Maylis de Kerangal sait de quoi elle parle. Pour traiter de son sujet, elle a acquis le jargon du métier, en maîtrise les termes techniques, connaît sur le bout des doigts les noms des pigments… Quel sujet au fait ? On ne le sait pas très bien. Veut-elle nous faire apprécier la dextérité des artisans d'art ? Souhaite-t-elle nous montrer la solitude dans laquelle s'enferme son héroïne ? Désire-t-elle nous faire sentir le malaise qui pousse Paula vers une existence errante ? Nous faire éprouver la difficulté à passer du fac-similé à la vraie nature des choses ? Trop souvent le récit se perd dans les circonvolutions d'une expertise assez vaine des techniques picturales. Les personnages deviennent de plus en plus des silhouettes de papier, presque sans chair et sans émotion. La lourdeur d'un style parfois trop emphatique tire le roman vers l'imagerie. C'est une dentelle amidonnée, qui se tient raide tellement il y a d'apprêt, une guimpe qui empêche toute liberté du mouvement. Même le patronyme de Paula sonne lourdement – Karst – pour pour la conduire un jour au fond de la grotte d'où sortira enfin la lumière : Lascaux.

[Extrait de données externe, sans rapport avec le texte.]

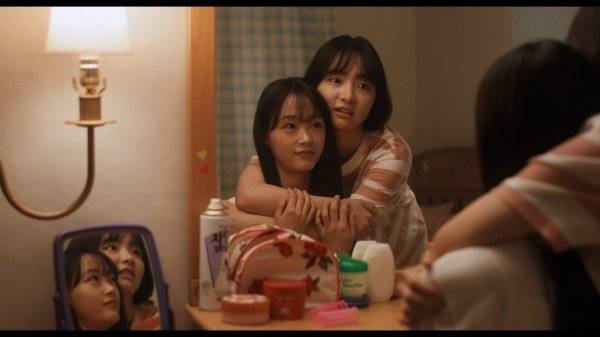 여성 간의 사랑과 우정 등을 다룬 퀴어 영화들이 주를 이룬다. 영화 ‘우리는 천국에 갈 순 없지만 사랑은 할 수 있겠지’ 한 장면. 사진제공｜전주국제영화제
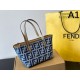 目を引くーデザインが特徴的 2024SS トートバッグ FENDI フェンデイ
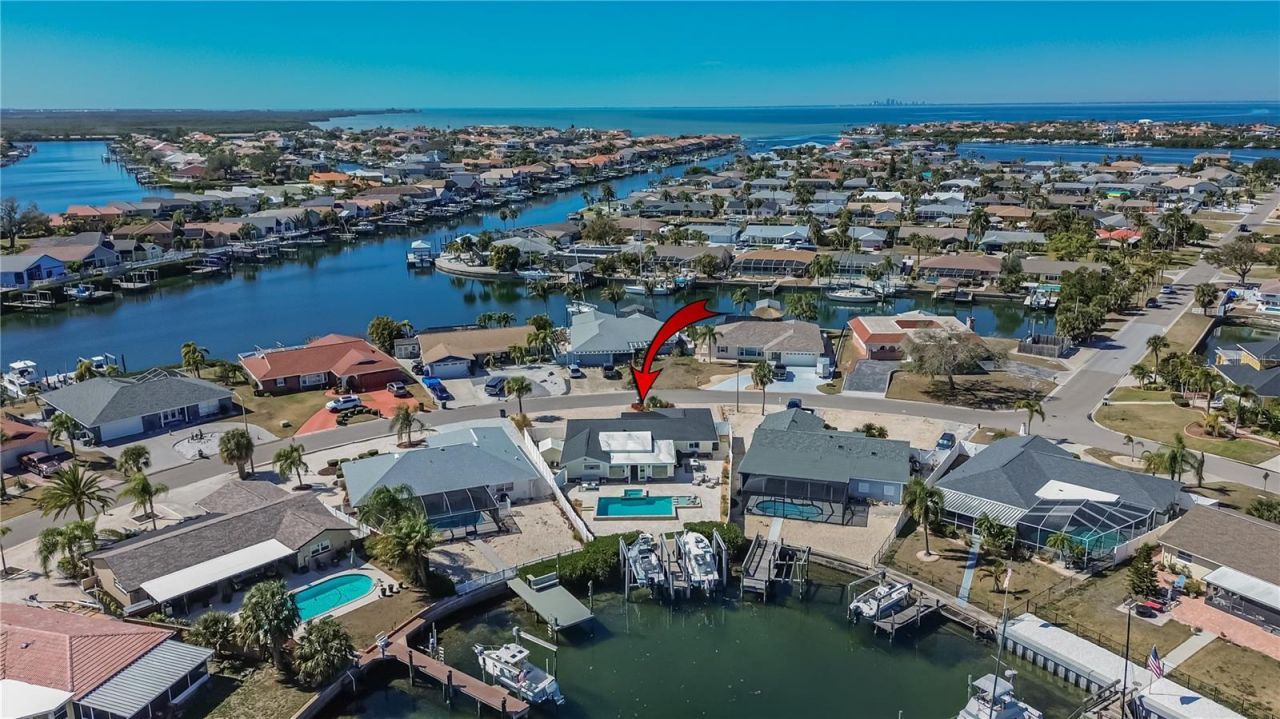 6404 Lake Sunrise Drive, Apollo Beach, FL 33572 Photo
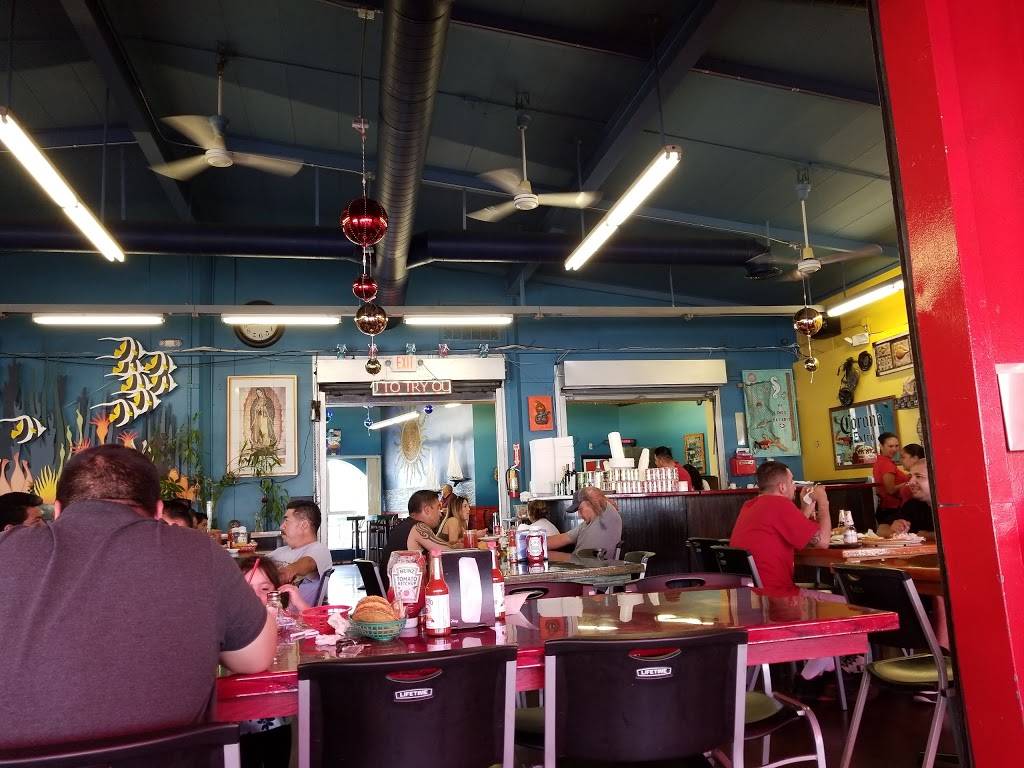 Mi Lindo Nayarit Mariscos | restaurant | 1020 E Florence Ave, Los Angeles, CA 90001, USA | 3235895109 OR +1 323-589-5109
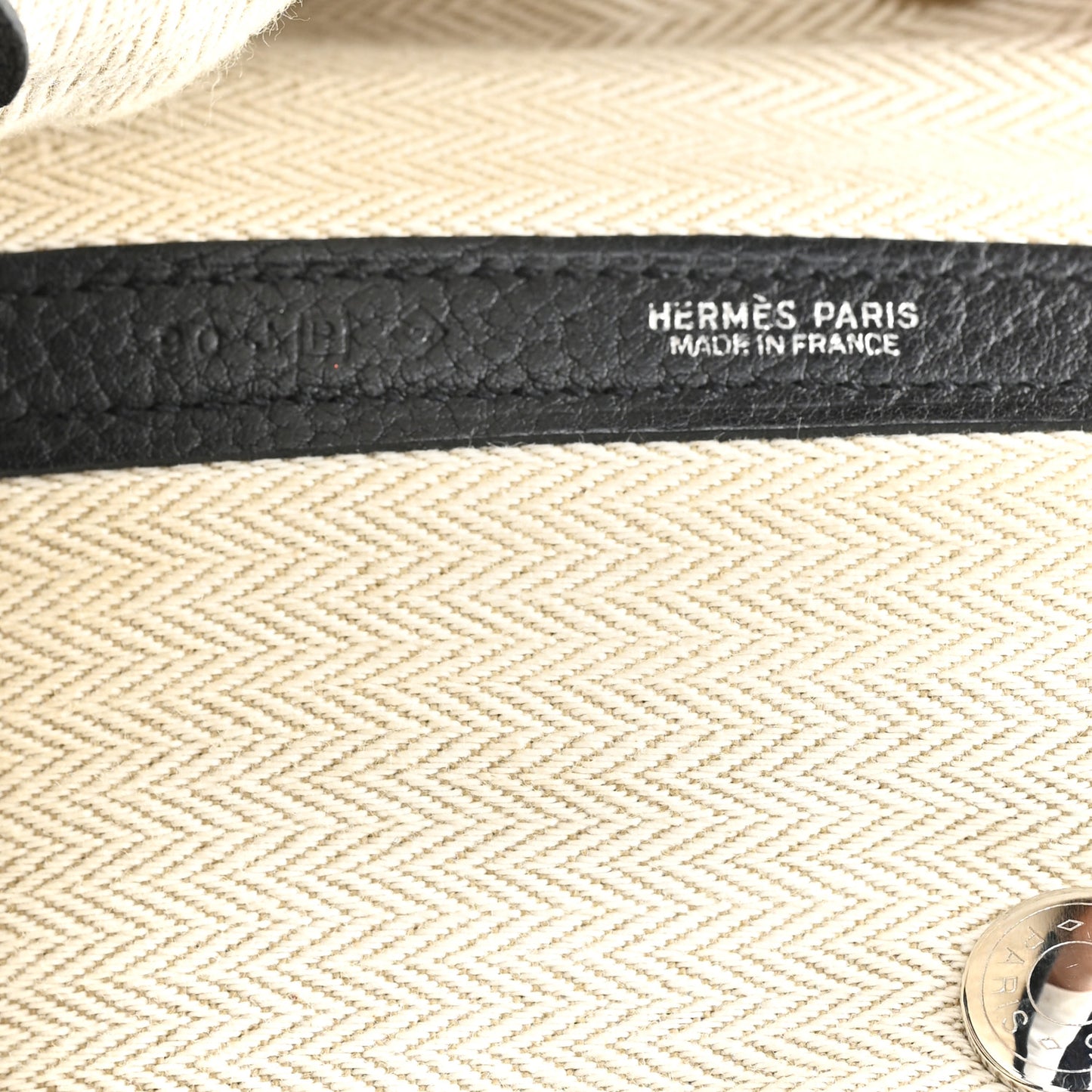 Negonda Garden Party Tote 36 MM Black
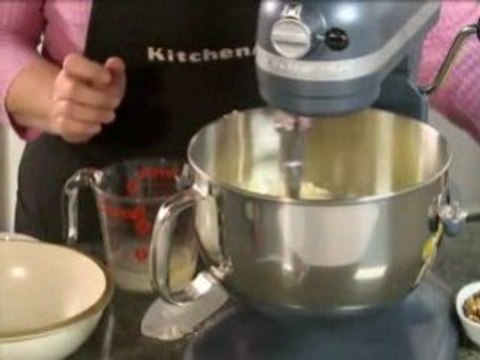 The KitchenAid professional 600 Stand Mixer Adds a bold Touc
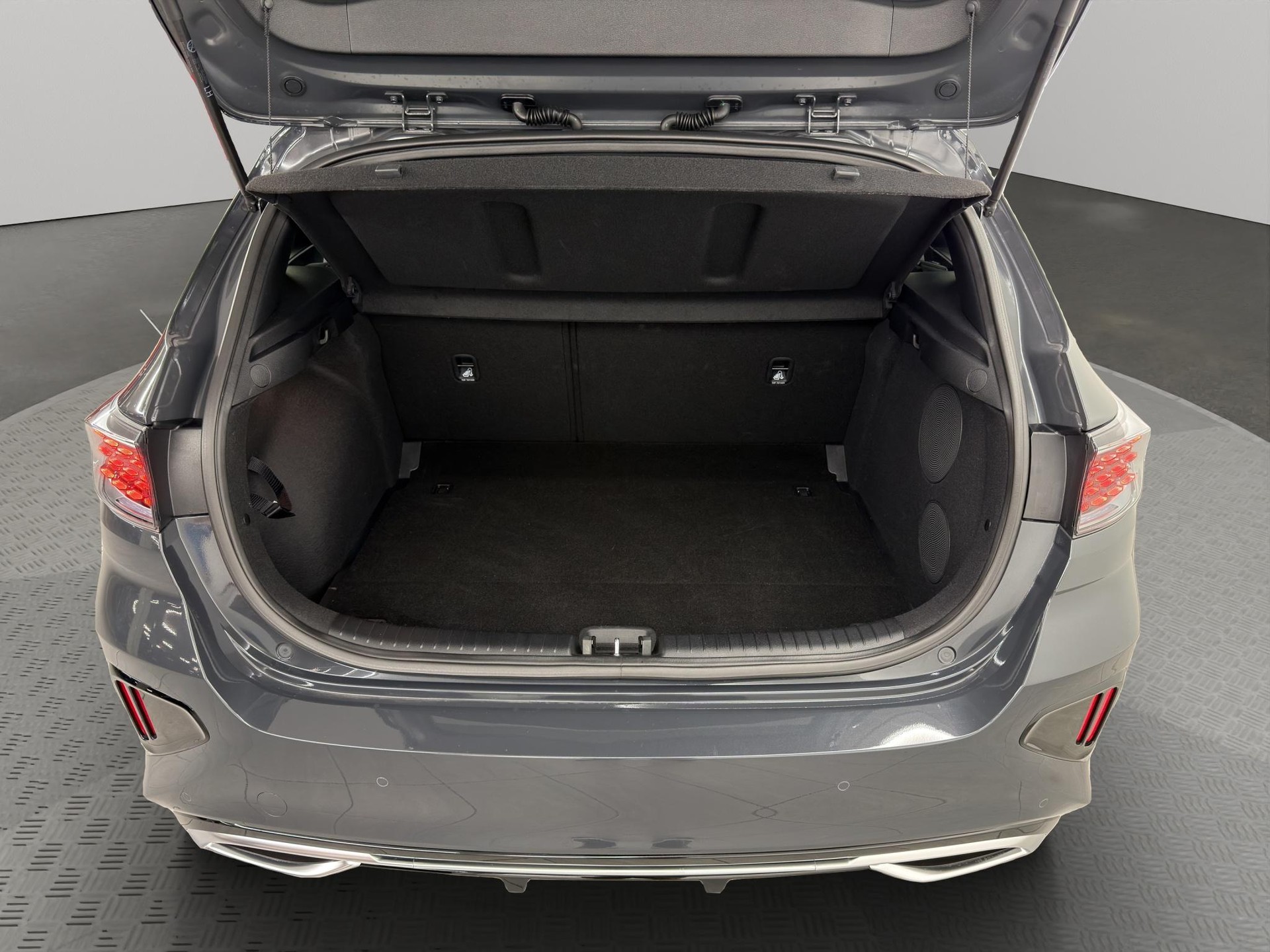 KIA Ceed 1.5 T-GDi MHEV GT-Line-image-4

Le seul moment du roman où s'échappe cette grâce de l'écriture juste et de l'effet non appuyé est la rencontre de Kate et d'une baleine. Trois pages qui se débarrassent tout à coup du vocabulaire encombrant pour nous livrer enfin une histoire vibrante.
Maylis de Kerangal s'est laissée emporter loin de ce qui fait un écrivain, à défaut d'un artiste : une écriture à l'os.